Going against the grain

 

Golden wheat growing in a farm field, closeup on ears

There are places in the North that have a strong antinomian spirit. The place I find myself in has a history of personal independence and laissez faire. A portion of the population that migrated here did so to avoid the government. Some were tired of so many laws in the south, others came here to hide from those laws. Don’t ask too many questions and leave people alone is still the way to deal with people in the smaller communities.

Under these conditions, relationships develop that are careful, and when trust is given those relationships go much deeper and require more responsibility. Living in a location / place with people who are less likely to put up with any bs has led me to consider antinomian ways in more depth.

I have two working definitions for antinomianism.

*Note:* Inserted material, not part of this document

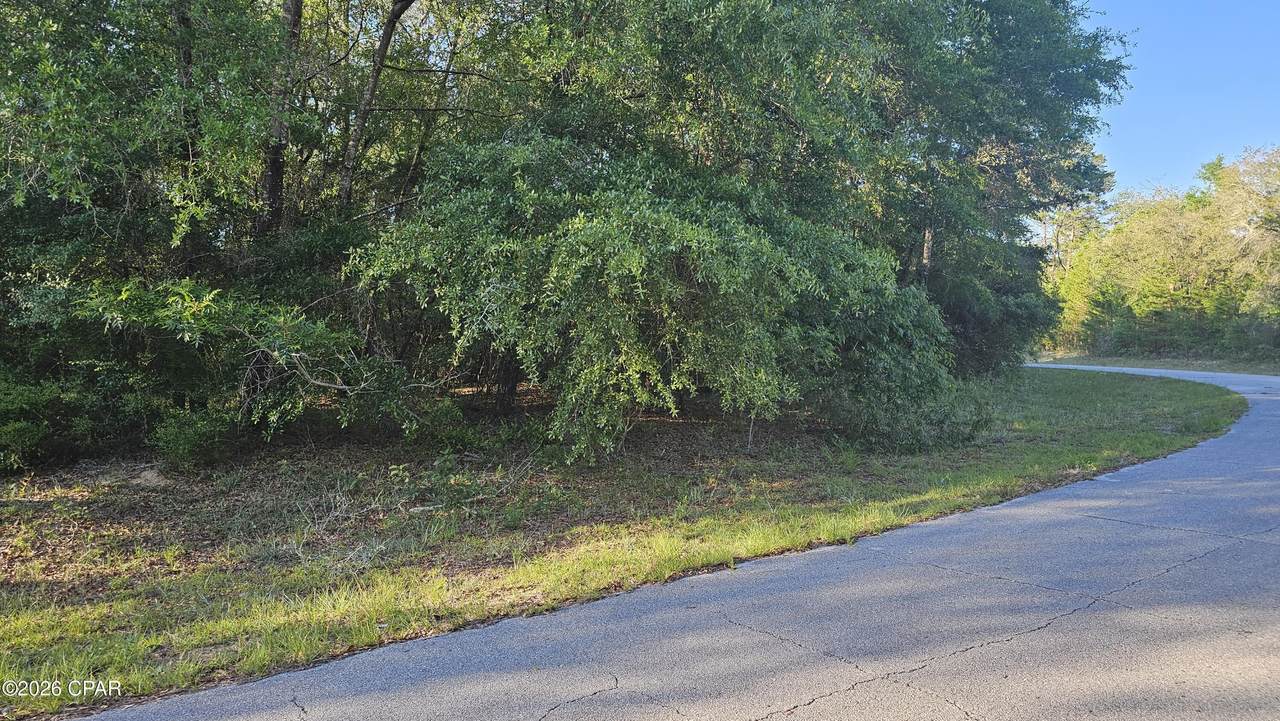 Lot 10 Janet Circle - Photo 1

1 – Anti – against, and nome – law

2 – Self directed moral law

Number one will lead to the second. The first is the workhorse, the one I use most to break the grip of whatever might be holding me back. The second one cannot be achieved in a healthy way until I know myself to a point where my thinking and acts are my own and not the conditioning of society.

Going against the law or socially held belief often starts off with a great big F.T.W., I’m doing this my way! The first lesson learned was that being contrarian to everything led to a lot more problems than I needed. Once I understood that it wasn’t needed all the time I was able to use it with more precision.

Self directed moral law: my law above all others.

How can anyone who is controlled by outside social forces say that they are living by their own law? In the first part it’s a forced or willed action to go against something. In this second part, what I was working to break away from simply does not affect me anymore. My behaviour is changed and I’m no longer affected by whatever used to have a hold on me. This new behaviour is now a new “law” to me, I can say that it is really mine and then operate from there.

Being contrarian is going against the grain just for the hell of it.

Antinomian is going against the grain to break some hold society has on you.

Being contrarian is a thought construct that is pretty much in your face to almost everything out there. This would give great strength of character, but the drawback is that you give off the perception of always looking for a fight. Getting things done can be difficult if people are avoiding you. The flip side is that less people will mess with you. Swinging a baseball bat at everything in front of you would eventually get boring too and give the same results. Mostly a mess.

Thinking of antinomianism as a tool gives me more options. I can turn it on or off as needed. I understand it better by using it for specific situations. It can be either direct or subtle, whatever works best for the situation.

Breaking the grip that others have on you gives you the freedom to look carefully at what you want in a way that is no longer biased (or at least a lot less so). Being able to do this is a great freedom, you get to know who you are and what you value more clearly. From there a true self directed moral law can begin to be developed.